Central banks around the world have been building up their gold stockpiles to make sure they are stored on soil they can trust.
The National Bank of Hungary (MNB) says it is bringing back three tons of the country’s gold reserves stored at the Bank of England in London, Gold Seek reported.
The move to repatriate 130 million dollars’ worth of gold from Budapest previously stored on British soil follows similar decisions made by Austrian, German and Dutch and Venezuelan central banks, which consider storing national gold reserves abroad a risky venture.
According to the Gold Seek media outlet, the decision to bring the gold home apparently reflects Hungarian Prime Minister Viktor Orban’s desire to have the country’s assets close to home rather than in the hands of a foreign country which does not necessarily have Hungary’s best interests at heart.
Since 2010, central banks have been accumulating gold as a potential response to a financial crisis.
Indeed, when a country holds another country’s currency, this makes it vulnerable to rate fluctuations.
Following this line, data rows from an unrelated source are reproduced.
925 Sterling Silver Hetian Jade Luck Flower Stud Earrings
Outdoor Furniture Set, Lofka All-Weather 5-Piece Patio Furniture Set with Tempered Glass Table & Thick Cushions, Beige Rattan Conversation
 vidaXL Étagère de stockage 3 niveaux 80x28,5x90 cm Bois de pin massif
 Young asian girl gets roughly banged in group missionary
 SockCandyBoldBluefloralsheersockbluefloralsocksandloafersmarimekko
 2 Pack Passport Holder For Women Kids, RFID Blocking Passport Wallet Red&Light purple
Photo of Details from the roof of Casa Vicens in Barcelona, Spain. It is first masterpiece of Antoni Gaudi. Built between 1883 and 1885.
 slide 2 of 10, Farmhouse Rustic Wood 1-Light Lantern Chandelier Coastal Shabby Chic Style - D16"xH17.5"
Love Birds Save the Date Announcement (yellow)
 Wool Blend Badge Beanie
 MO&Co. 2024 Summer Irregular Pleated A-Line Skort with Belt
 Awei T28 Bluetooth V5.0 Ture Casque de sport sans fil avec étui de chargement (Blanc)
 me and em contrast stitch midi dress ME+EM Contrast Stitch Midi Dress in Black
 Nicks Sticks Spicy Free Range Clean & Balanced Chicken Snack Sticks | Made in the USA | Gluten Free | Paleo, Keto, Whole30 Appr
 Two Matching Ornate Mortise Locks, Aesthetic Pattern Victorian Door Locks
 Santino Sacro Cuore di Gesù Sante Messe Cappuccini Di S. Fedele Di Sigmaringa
Similarly, entrusting a nation’s gold reserves to another country could also be fraught with potential risk.
Russia, China and Turkey have each been building up their gold reserves in recent years with Russia having bought gold each month since 2015.
They have also been encouraging the use of gold in their foreign trade operations in a bid to move away from US dollar dominance and reduce the counterparty risk to their reserve assets.